Bai Amelia, Carty Christopher, Dai Shuan
Department of Ophthalmology, Queensland Children's Hospital, Brisbane, Australia.
Centre for Children's Health Research, Brisbane, Australia.
Saudi J Ophthalmol. 2022 Oct 14;36(3):296-307. doi: 10.4103/sjopt.sjopt_219_21. eCollection 2022 Jul-Sep.
Artificial intelligence (AI) offers considerable promise for retinopathy of prematurity (ROP) screening and diagnosis. The development of deep-learning algorithms to detect the presence of disease may contribute to sufficient screening, early detection, and timely treatment for this preventable blinding disease. This review aimed to systematically examine the literature in AI algorithms in detecting ROP. Specifically, we focused on the performance of deep-learning algorithms through sensitivity, specificity, and area under the receiver operating curve (AUROC) for both the detection and grade of ROP.
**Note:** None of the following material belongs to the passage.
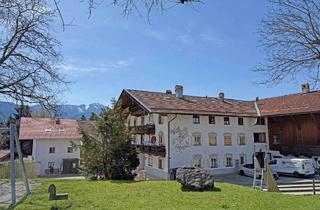 Haus kaufen in 83346 Bergen, Top Rendite! Langfristig und gut vermieteter Hausanteil mit mehreren Wohnungen.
We searched Medline OVID, PubMed, Web of Science, and Embase for studies published from January 1, 2012, to September 20, 2021. Studies evaluating the diagnostic performance of deep-learning models based on retinal fundus images with expert ophthalmologists' judgment as reference standard were included. Studies which did not investigate the presence or absence of disease were excluded. Risk of bias was assessed using the QUADAS-2 tool.
Twelve studies out of the 175 studies identified were included. Five studies measured the performance of detecting the presence of ROP and seven studies determined the presence of plus disease. The average AUROC out of 11 studies was 0.98. The average sensitivity and specificity for detecting ROP was 95.72% and 98.15%, respectively, and for detecting plus disease was 91.13% and 95.92%, respectively.
The diagnostic performance of deep-learning algorithms in published studies was high. Few studies presented externally validated results or compared performance to expert human graders. Large scale prospective validation alongside robust study design could improve future studies.
人工智能(AI)在早产儿视网膜病变(ROP)筛查和诊断方面具有巨大潜力。开发用于检测疾病存在的深度学习算法可能有助于对这种可预防的致盲疾病进行充分筛查、早期检测和及时治疗。本综述旨在系统地研究AI算法检测ROP的文献。具体而言,我们通过敏感性、特异性和受试者工作特征曲线下面积(AUROC)来关注深度学习算法在检测ROP及其分级方面的性能。
我们检索了Medline OVID、PubMed、科学网和Embase,查找2012年1月1日至2021年9月20日发表的研究。纳入以眼科专家的判断为参考标准,基于眼底图像评估深度学习模型诊断性能的研究。未调查疾病有无的研究被排除。使用QUADAS - 2工具评估偏倚风险。
在检索到的175项研究中,有12项被纳入。5项研究测量了检测ROP存在的性能,7项研究确定了“plus病”的存在。11项研究的平均AUROC为0.98。检测ROP的平均敏感性和特异性分别为95.72%和98.15%,检测“plus病”的平均敏感性和特异性分别为91.13%和95.92%。
已发表研究中深度学习算法的诊断性能较高。很少有研究展示外部验证结果或将性能与专业人工分级者进行比较。大规模前瞻性验证以及稳健的研究设计可以改进未来的研究。